*What is expected:* Using the data below, transcribe exactly everything from the line that contains "If you get interested" down to the line that contains "That's how you". Include both of those lines and none of the pictures.

*Available data:*
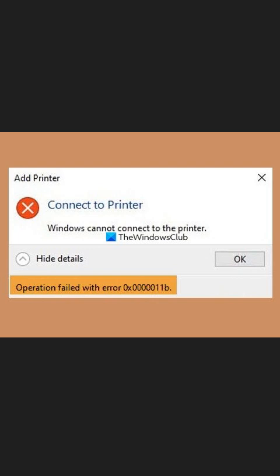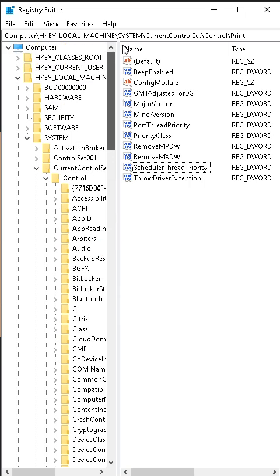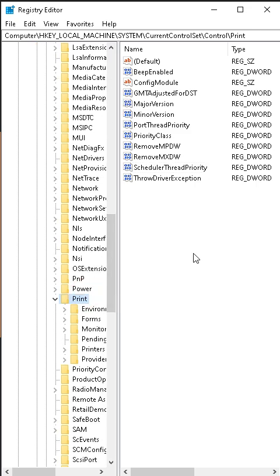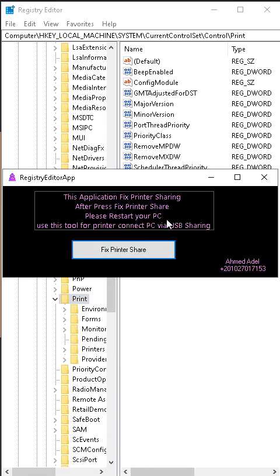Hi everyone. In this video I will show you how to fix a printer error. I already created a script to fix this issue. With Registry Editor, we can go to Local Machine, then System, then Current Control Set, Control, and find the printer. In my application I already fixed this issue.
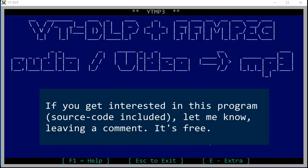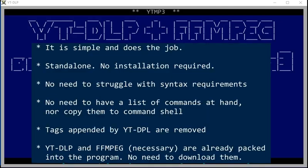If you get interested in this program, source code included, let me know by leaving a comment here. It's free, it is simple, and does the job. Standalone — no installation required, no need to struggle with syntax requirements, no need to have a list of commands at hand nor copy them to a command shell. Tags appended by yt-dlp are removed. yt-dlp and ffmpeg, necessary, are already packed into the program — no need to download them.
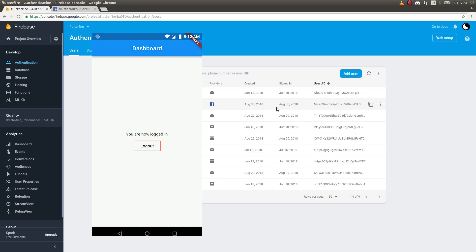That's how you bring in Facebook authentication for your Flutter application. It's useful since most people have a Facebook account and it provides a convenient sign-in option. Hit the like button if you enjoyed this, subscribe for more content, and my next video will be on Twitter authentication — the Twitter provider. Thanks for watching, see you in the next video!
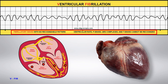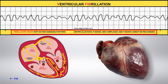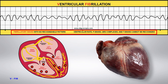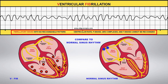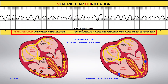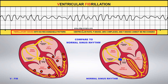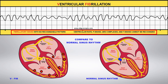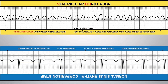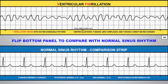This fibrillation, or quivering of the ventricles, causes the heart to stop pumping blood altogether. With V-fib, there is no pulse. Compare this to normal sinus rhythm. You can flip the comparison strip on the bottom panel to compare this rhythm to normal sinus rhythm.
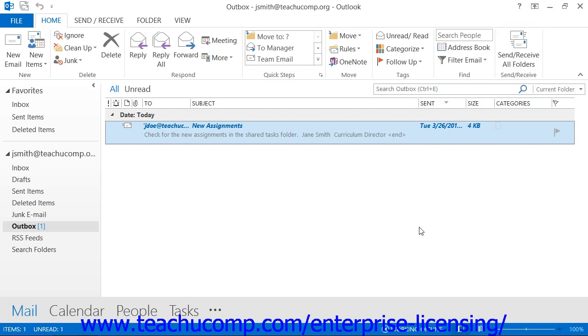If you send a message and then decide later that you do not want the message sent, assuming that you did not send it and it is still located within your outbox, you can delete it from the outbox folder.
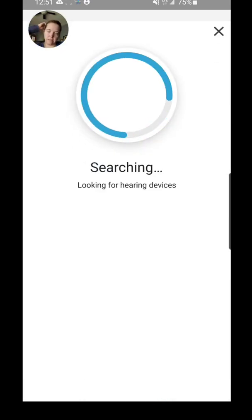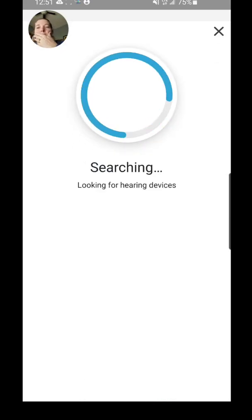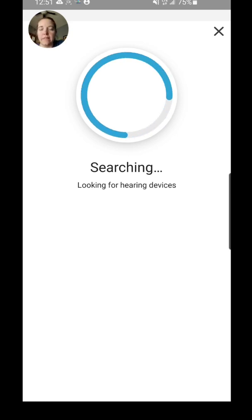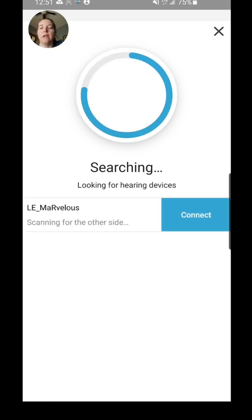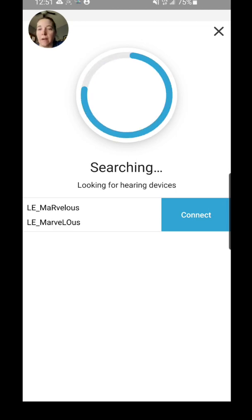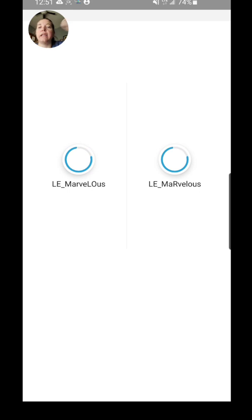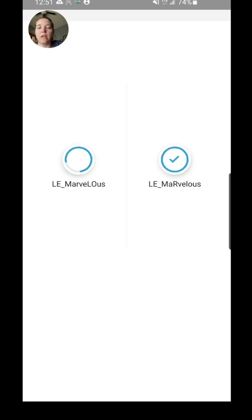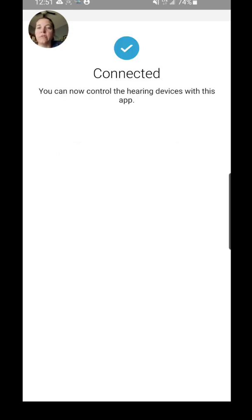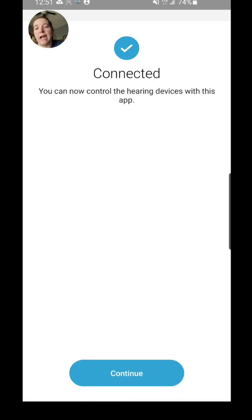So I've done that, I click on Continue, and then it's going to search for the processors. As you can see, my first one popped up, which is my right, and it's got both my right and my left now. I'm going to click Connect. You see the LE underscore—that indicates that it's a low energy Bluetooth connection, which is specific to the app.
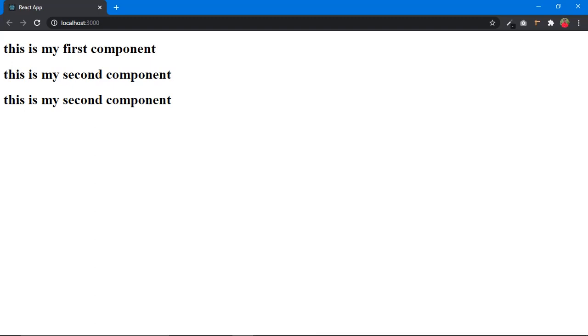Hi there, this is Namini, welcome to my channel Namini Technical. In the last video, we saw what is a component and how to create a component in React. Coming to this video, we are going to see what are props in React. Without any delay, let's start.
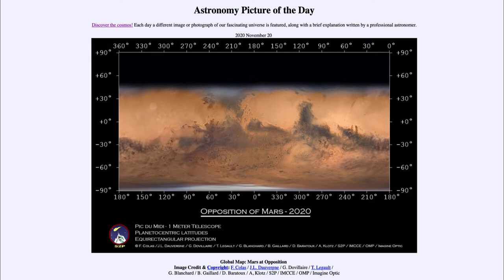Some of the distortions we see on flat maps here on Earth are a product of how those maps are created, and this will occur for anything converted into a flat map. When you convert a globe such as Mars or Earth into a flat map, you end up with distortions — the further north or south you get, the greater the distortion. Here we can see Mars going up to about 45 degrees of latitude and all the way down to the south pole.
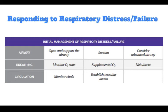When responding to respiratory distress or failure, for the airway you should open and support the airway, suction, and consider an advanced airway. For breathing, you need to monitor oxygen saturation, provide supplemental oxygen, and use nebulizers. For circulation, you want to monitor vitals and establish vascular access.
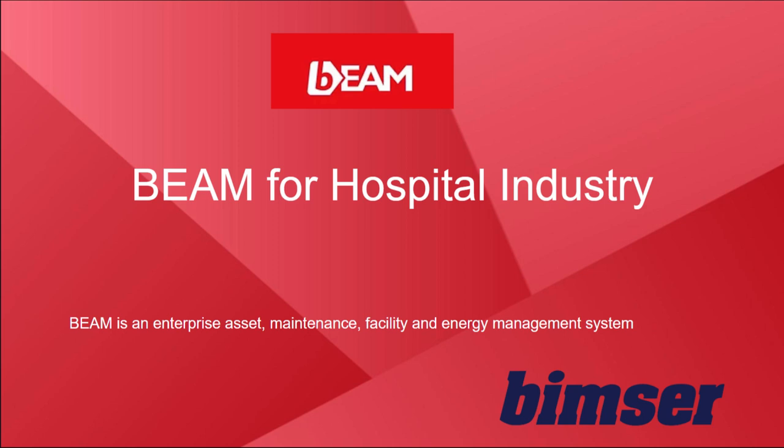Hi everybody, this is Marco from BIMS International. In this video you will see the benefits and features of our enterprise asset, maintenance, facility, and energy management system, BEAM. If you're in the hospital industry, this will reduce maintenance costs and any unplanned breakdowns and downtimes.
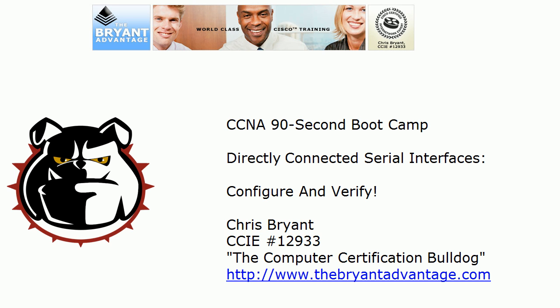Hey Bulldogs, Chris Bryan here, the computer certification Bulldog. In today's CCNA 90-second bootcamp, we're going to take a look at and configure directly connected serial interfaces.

...

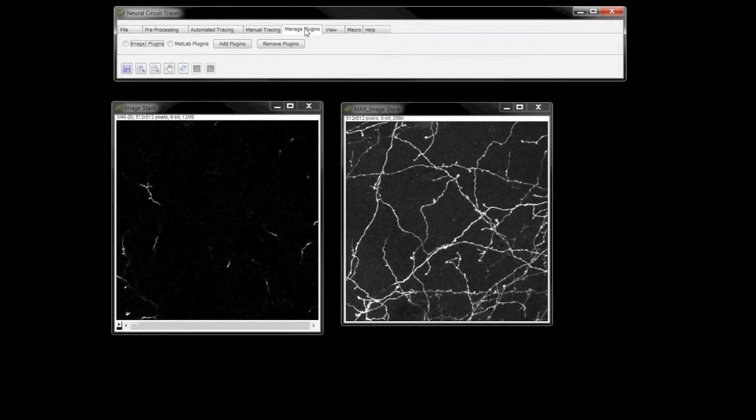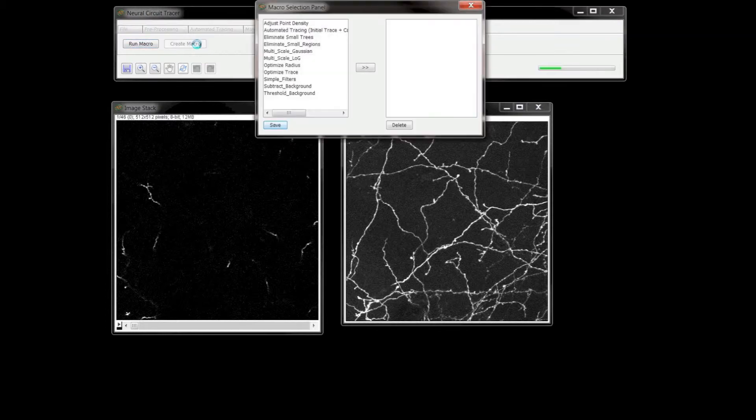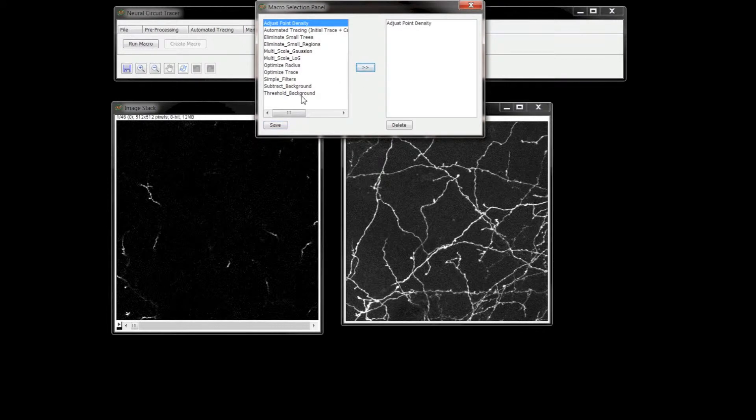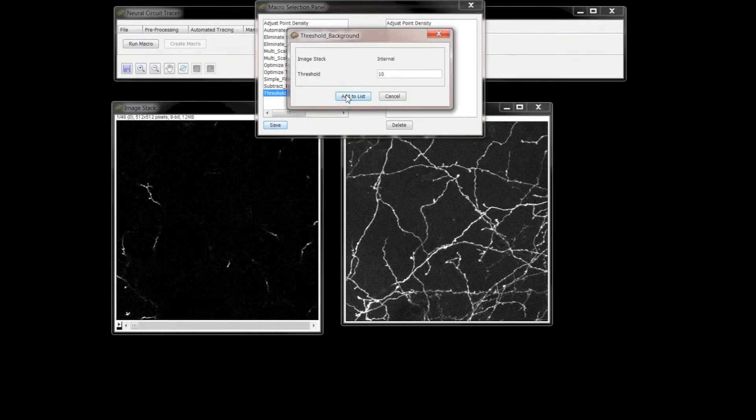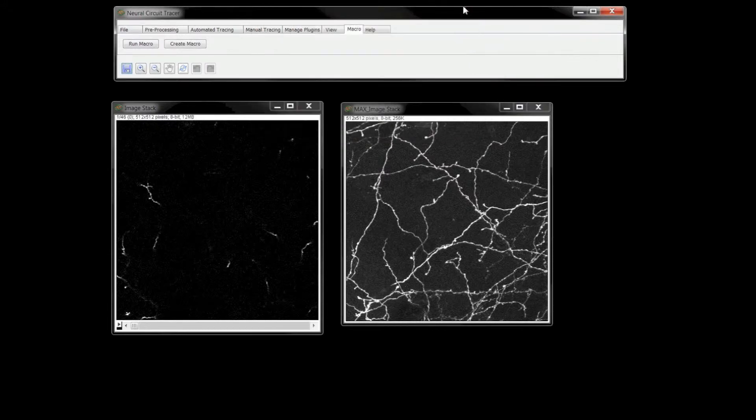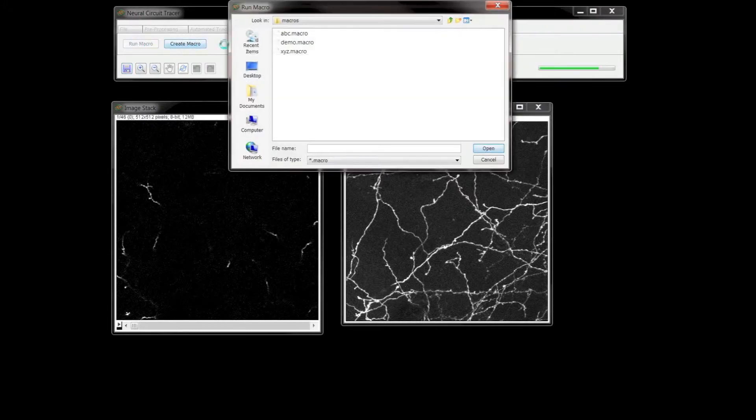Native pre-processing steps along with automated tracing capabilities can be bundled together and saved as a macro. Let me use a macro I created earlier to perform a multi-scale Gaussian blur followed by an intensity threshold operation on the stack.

==

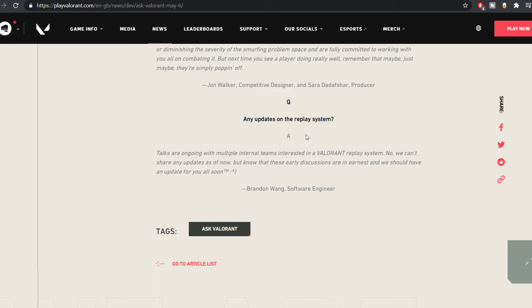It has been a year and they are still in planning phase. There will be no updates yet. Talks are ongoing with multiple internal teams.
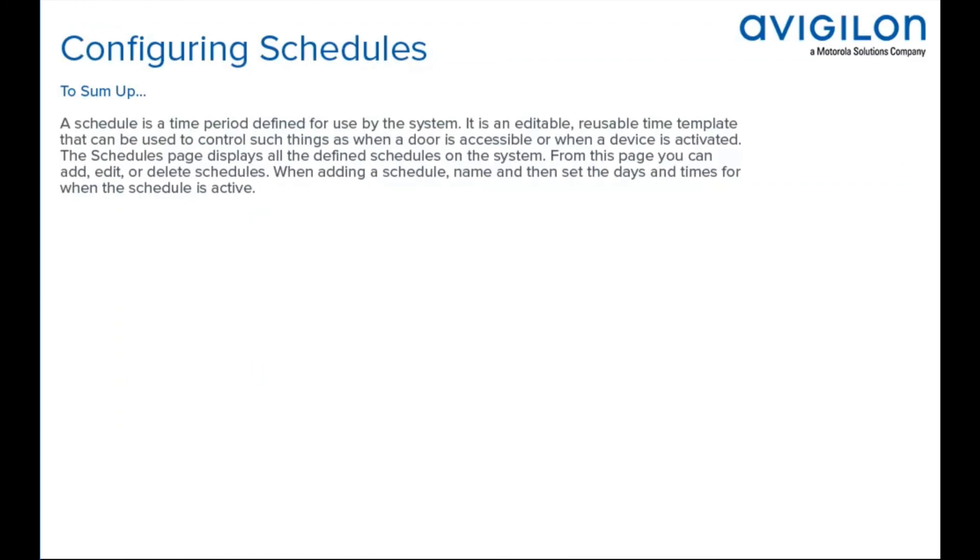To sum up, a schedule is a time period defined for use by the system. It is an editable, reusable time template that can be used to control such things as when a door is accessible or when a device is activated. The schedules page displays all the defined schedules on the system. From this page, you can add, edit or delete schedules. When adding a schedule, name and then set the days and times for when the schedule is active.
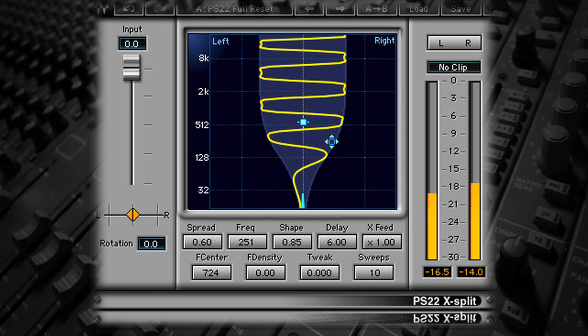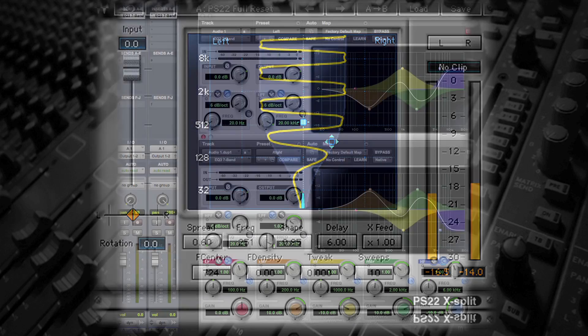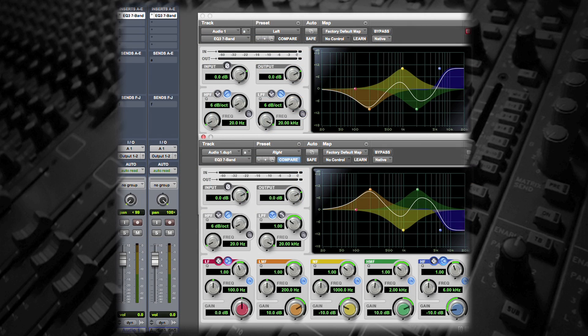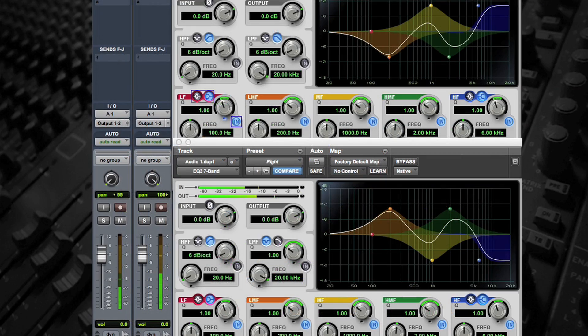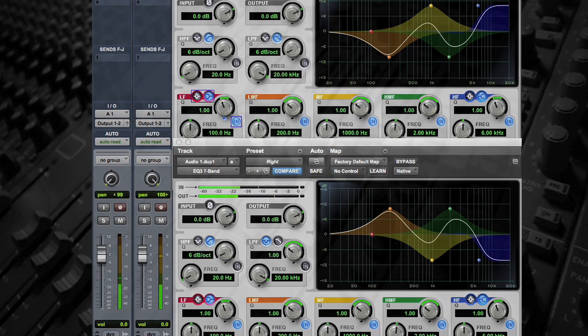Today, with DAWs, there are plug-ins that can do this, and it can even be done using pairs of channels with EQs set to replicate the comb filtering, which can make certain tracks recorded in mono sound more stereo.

*Finished task:*
If you get interested in this program, source code included, let me know by leaving a comment here. It's free, it is simple, and does the job. Standalone — no installation required, no need to struggle with syntax requirements, no need to have a list of commands at hand nor copy them to a command shell. Tags appended by yt-dlp are removed. yt-dlp and ffmpeg, necessary, are already packed into the program — no need to download them.
That's how you bring in Facebook authentication for your Flutter application. It's useful since most people have a Facebook account and it provides a convenient sign-in option. Hit the like button if you enjoyed this, subscribe for more content, and my next video will be on Twitter authentication — the Twitter provider. Thanks for watching, see you in the next video!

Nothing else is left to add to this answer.